** Opening Data below block **

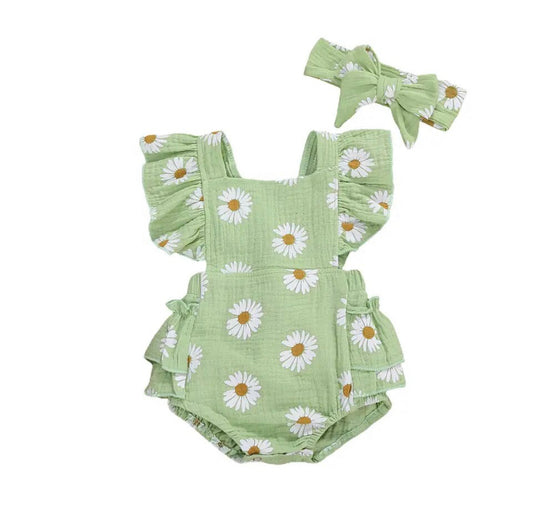 Daisy Boo Romper Green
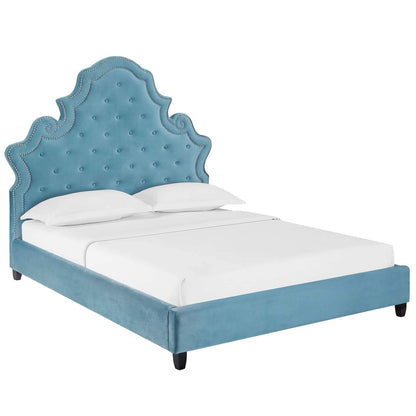 adjustable bed bases | CasaFoyer Valentina Performance Velvet Tufted Nailhead Queen Platform Bed | Sea Blue | Stain-Resistant Polyester | Wood Slat Support | 1322 lbs Capacity | casafoyer.myshopify.com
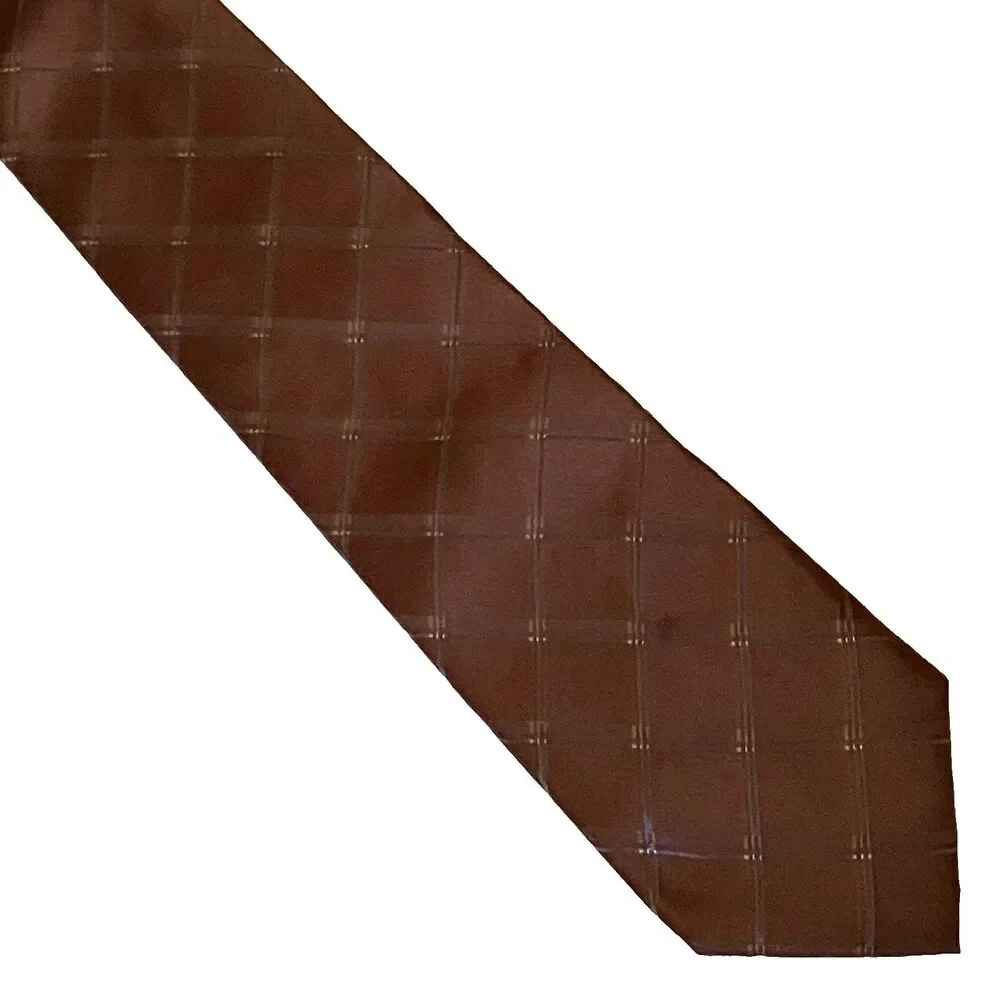 Banana Republic Tie Iridescent Plaid Maroon Red Brown Silk Preppy Career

** Closing Data below block **

What is required:
Return every line above word for word, minus images.

Response to the task:
 Daisy Boo Romper Green
 adjustable bed bases | CasaFoyer Valentina Performance Velvet Tufted Nailhead Queen Platform Bed | Sea Blue | Stain-Resistant Polyester | Wood Slat Support | 1322 lbs Capacity | casafoyer.myshopify.com
 Banana Republic Tie Iridescent Plaid Maroon Red Brown Silk Preppy Career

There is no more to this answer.